The British Association of Friends of Museums (BAFM) is an independent organisation for Friends, supporters, and volunteers in museums, galleries, and heritage sites within the United Kingdom. It was established in 1973.
It is a registered charity no 1159670.
BAFM represents around 200,000 Friends and volunteers in the UK. It provides a network of support from people with practical experience of running Friends organisations and is a central source of information. It has links with UK Area Museum Councils and other national UK organisations such as:

 Association of Independent Museums(AIM)
 Charity Commission for England and Wales
 Department for Digital, Culture, Media and Sport(DCMS) (UK government)
 Museums Association(MA)
 National Council for Voluntary Organisations(NCVO)

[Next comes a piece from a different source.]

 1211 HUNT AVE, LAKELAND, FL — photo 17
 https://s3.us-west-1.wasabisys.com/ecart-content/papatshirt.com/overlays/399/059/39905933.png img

BAFM is a member of the World Federation of Friends of Museums. It organizes national and regional events, provides a Handbook for Friends, a Handbook for Heritage Volunteer Managers & Administrators, and many information sheets. The BAFM publish a biannual Journal.

President 
 2005-2014 Loyd Grossman OBE, FSA.

 Dame Rosemary Butler DBE.

Annual Conferences 
1989 Annual Conference at Bristol.
2008 35th Annual Conference at Penzance.
2009 36th Annual Conference and AGM at York.
2010 BAFM 37th Annual Conference & AGM Isle of Man 24–26 September 2010.
2014 41st Annual Conference at Swansea.
2015 42nd Annual Conference at Cheltenham.
2016 43rd Annual Conference at the Ironbridge Gorge Museum, Coalbrookdale.
2017 44th Annual Conference at the London Transport Museum.
2018 Annual Conference at Newcastle upon Tyne. The winner of the first best newsletter award was The Black Country Museum Friends.
2019 Annual Conference at Reading, Berkshire. The winner of the best newsletter was the Lyme Regis Museum Friends.
2020 AGM  held remotely.
2021 Annual AGM on Zoom.
2022 49th Annual Conference at Dundee. October 2022
2023 50th Annual Conference at Doncaster
2024 51st Annual Conference at Southampton

Awards 
Since 2021 BAFM has operated an IMPACT award currently (2022) £1k.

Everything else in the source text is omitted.